*** Data segment Section Begins ***
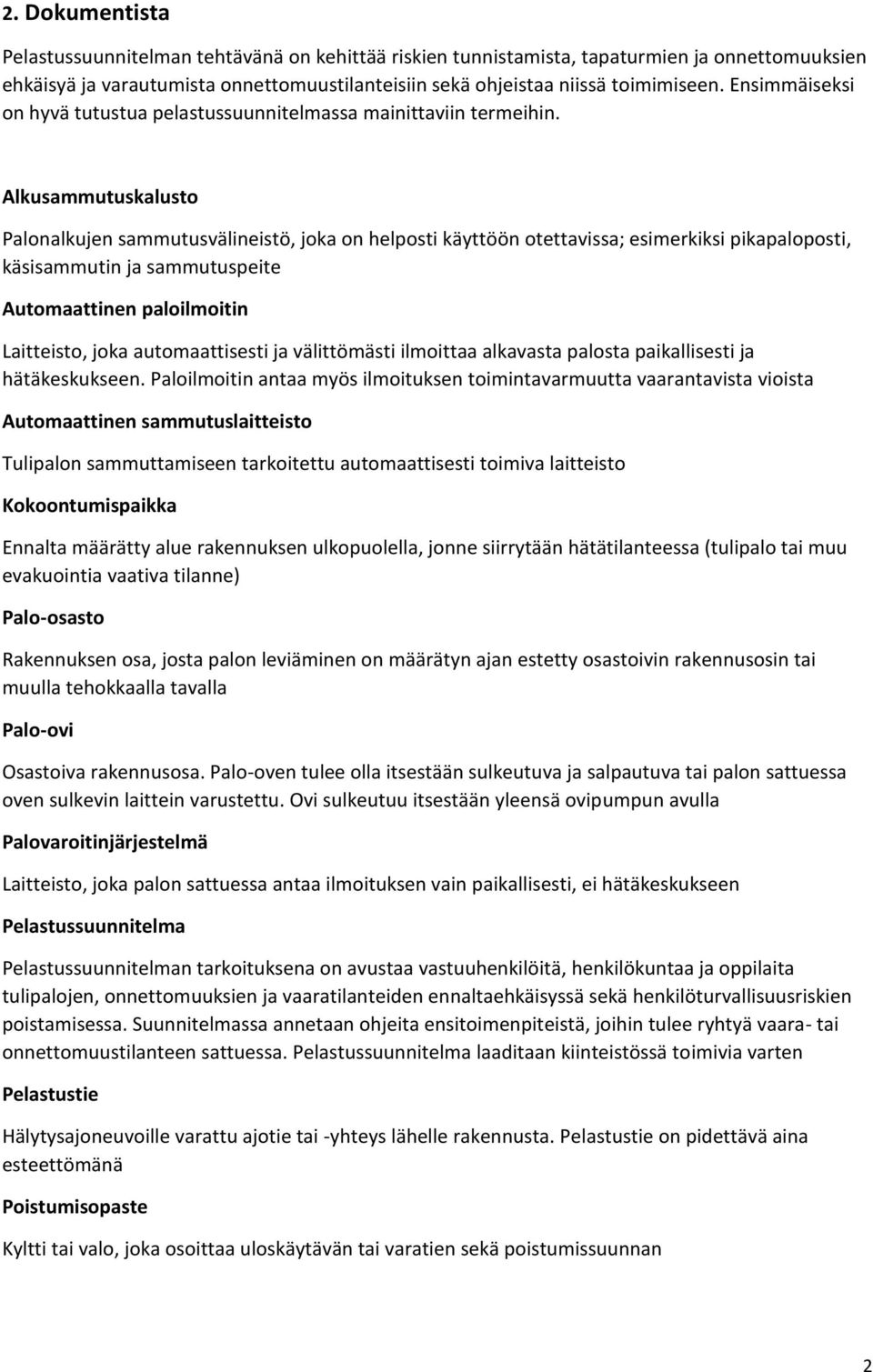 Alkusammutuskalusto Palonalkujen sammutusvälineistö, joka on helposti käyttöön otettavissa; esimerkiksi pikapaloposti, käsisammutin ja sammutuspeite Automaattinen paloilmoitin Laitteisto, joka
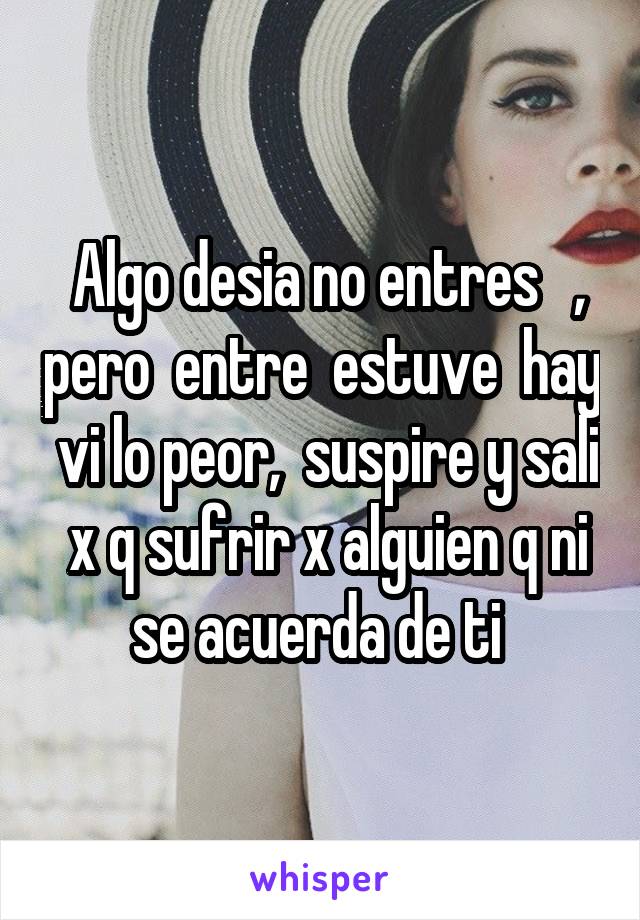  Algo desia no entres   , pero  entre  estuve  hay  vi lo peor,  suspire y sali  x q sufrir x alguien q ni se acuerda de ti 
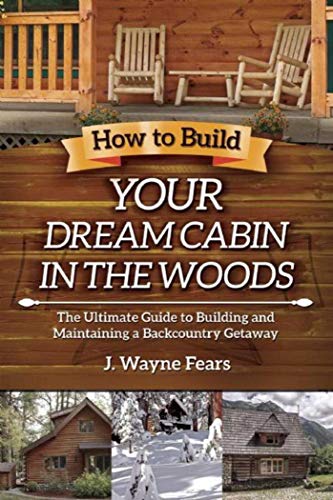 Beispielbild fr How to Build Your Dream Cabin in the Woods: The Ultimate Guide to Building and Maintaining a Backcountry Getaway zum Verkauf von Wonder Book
*** Data segment Section Ends ***
(What the task requires)
Repeat the data above exactly, leaving out any pictures it holds.

(Answer for the task)
 Alkusammutuskalusto Palonalkujen sammutusvälineistö, joka on helposti käyttöön otettavissa; esimerkiksi pikapaloposti, käsisammutin ja sammutuspeite Automaattinen paloilmoitin Laitteisto, joka
  Algo desia no entres   , pero  entre  estuve  hay  vi lo peor,  suspire y sali  x q sufrir x alguien q ni se acuerda de ti 
 Beispielbild fr How to Build Your Dream Cabin in the Woods: The Ultimate Guide to Building and Maintaining a Backcountry Getaway zum Verkauf von Wonder Book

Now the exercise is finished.